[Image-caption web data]
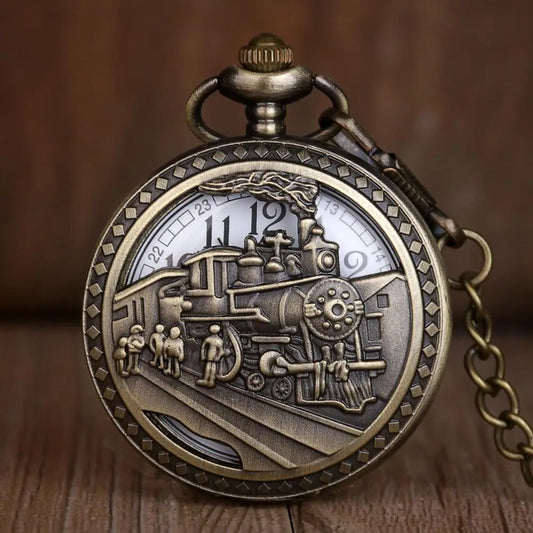 Antique Skeleton Pocket Watches Men Women Fashion Quartz Clock Bronze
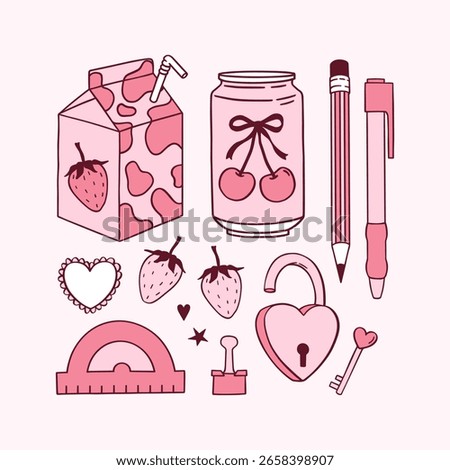 Vector hand drawn set of Coquette elements Back to School illustration. Trendy bows, cherry, pen, pencil, eraser, cherry soda, strawberry milk, protractor, school locker lock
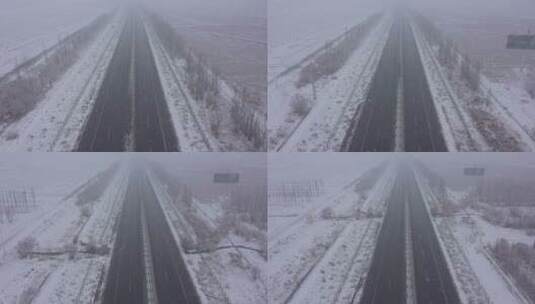 下雪天连霍高速公路高清在线视频素材下载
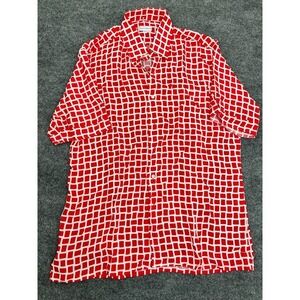 Maus‎ & Hoffman Shirt Mens Large Red White Check USA Made Button Up Short Sleeve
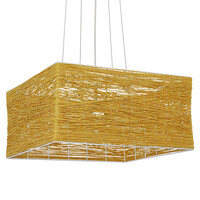 GloboStar® INCASS 01629 Vintage Κρεμαστό Φωτιστικό Καπέλο Πολύφωτο 5 x E27 IP20 Μπεζ Rattan - Μ40 x Π40 x Υ22.5cm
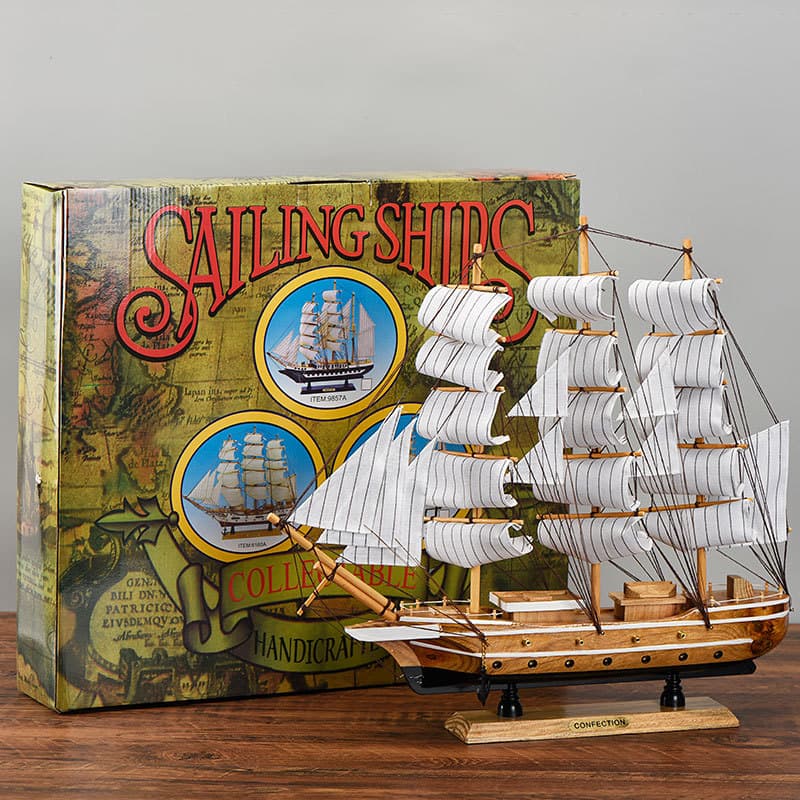 Office Decor Ornament Wooden Sailboat Model Smooth Sailing Housewarming Gift Mediterranean Style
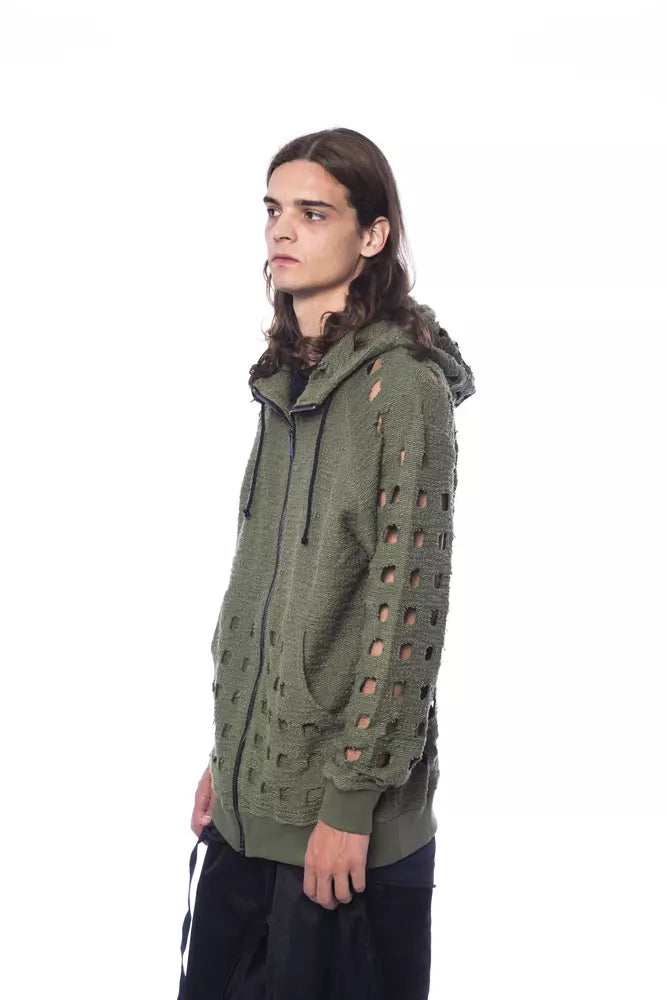 Army Cotton Men Sweater with Zip Closure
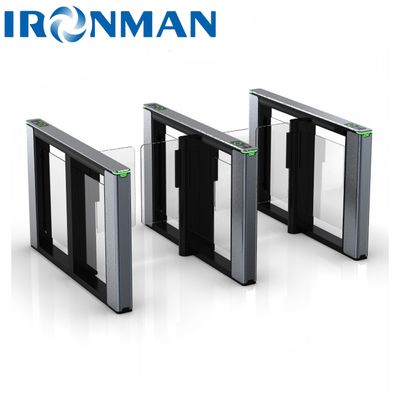 Pintu Putar Keamanan Kaca Otomatis, Sliding Turnstile Barrier Gate Dengan Kartu Baca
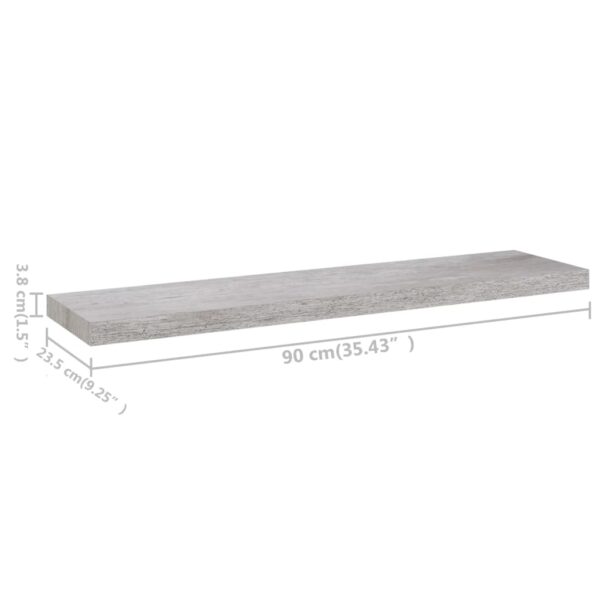 Prateleiras de parede 4 pcs 90x23,5x3,8cm MDF cinzento-cimento - Image 7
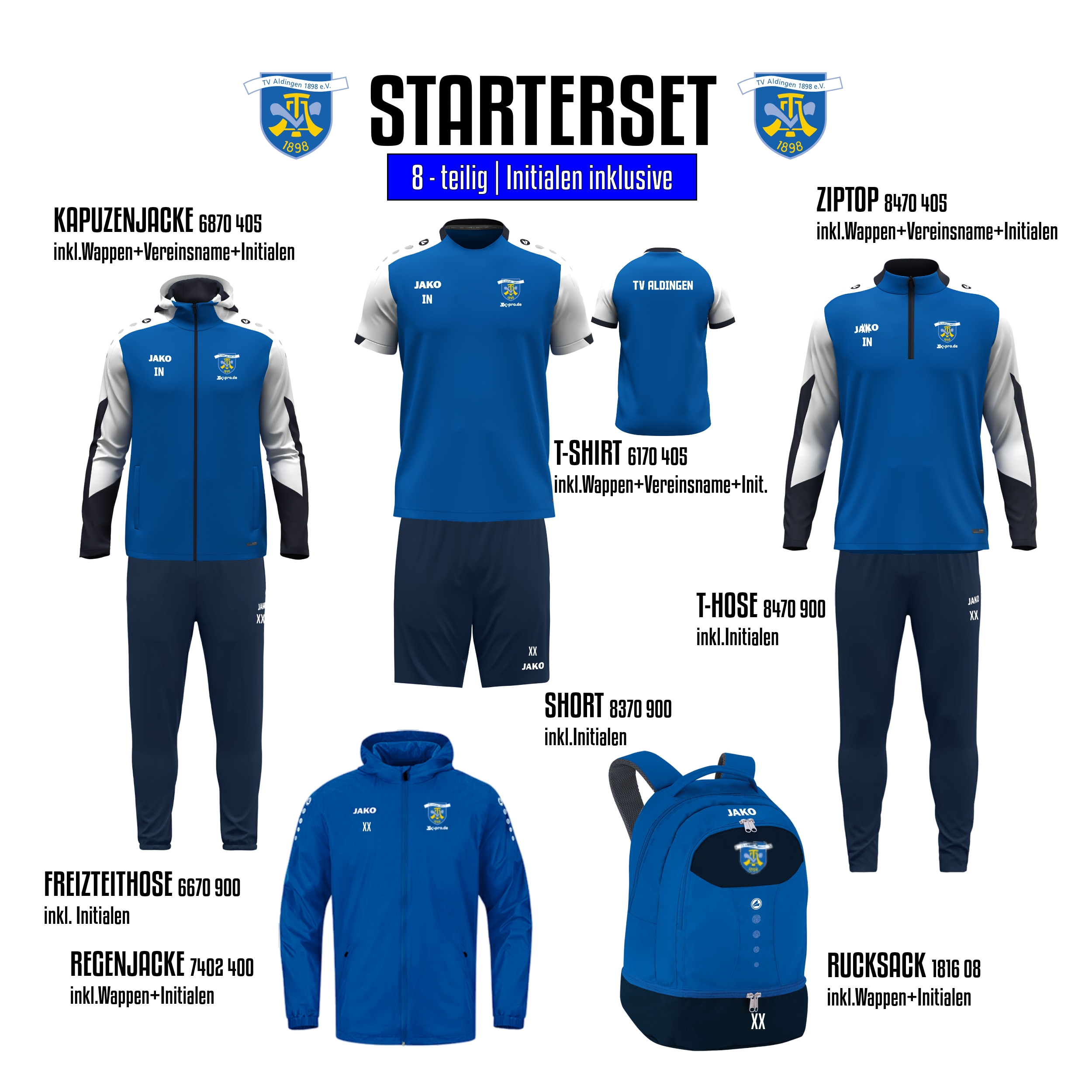 % STARTER-SET Erwachsene % inkl. Wappen, Vereinsname und Initialen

• To do: Once you find the line containing "Pintu Putar Keamanan", transcribe it and each line after it to the end of the records exactly, and leave out the pictures.

• Exercise result:
 Pintu Putar Keamanan Kaca Otomatis, Sliding Turnstile Barrier Gate Dengan Kartu Baca
 Prateleiras de parede 4 pcs 90x23,5x3,8cm MDF cinzento-cimento - Image 7
 % STARTER-SET Erwachsene % inkl. Wappen, Vereinsname und Initialen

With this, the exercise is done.